Although his deterioration was rapid, he somehow knew that maybe his time was up. Instead of struggling, he called his wife to his bedside in what was to be one of his few last words. “I love you very much,” he whispered in her ear with his last burst of breath. And then he passed on with much peace.
Existentialists talk a whole lot about living a good life. We debate, discuss, and dialogue about what the good life really means. In the midst of these debates, we sometimes forget that dying well is also a part of living well. For life includes those very last moments as well.

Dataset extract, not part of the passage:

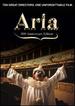 Aria [30th Anniversary Edition]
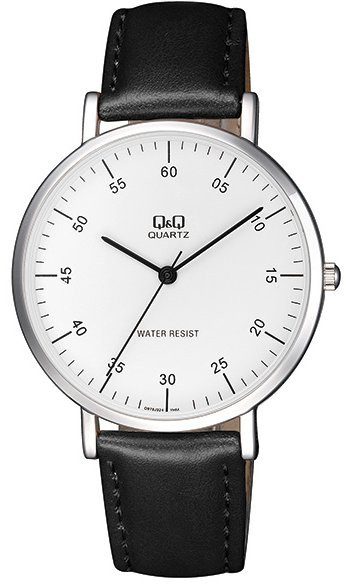 Orë dore Q&Q Q978J324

And so for my nanny and this uncle, I learned much about their lives only when they had ended. Yet, it was in those last moments in which their living was most glorious. Their courage to live, to express, and most of all, to love, moves me. It reminds me that my life, too, will someday come to an end. And for a young man such as myself preparing to get married next year, it further confirms in my heart that my fiancée is the lady I want to spend the rest of my life with. It reminds me that one day, I too, will leave behind loved ones in the same way. It prompts me to ponder the parting gifts I want to leave behind. Like Irvin Yalom shares, the physicality of death destroys us, but the idea of death, truly does save us.
My nanny and this uncle have run the race well; they have finished it. In facing their final mortality with courage and choosing to love with resolve, I doubt if they could have left better parting gifts for us, the living.
“The final reward of death is that we die no more.”
— Nietzsche
— Zheng Liren
Today’s guest contributor, Zheng Liren, is a social worker and guidance counselor in Singapore, who stumbled upon Existential Psychology after picking up an Irvin Yalom and a Viktor Frankl book in a local library and hasn’t been able to put down existential writings since then.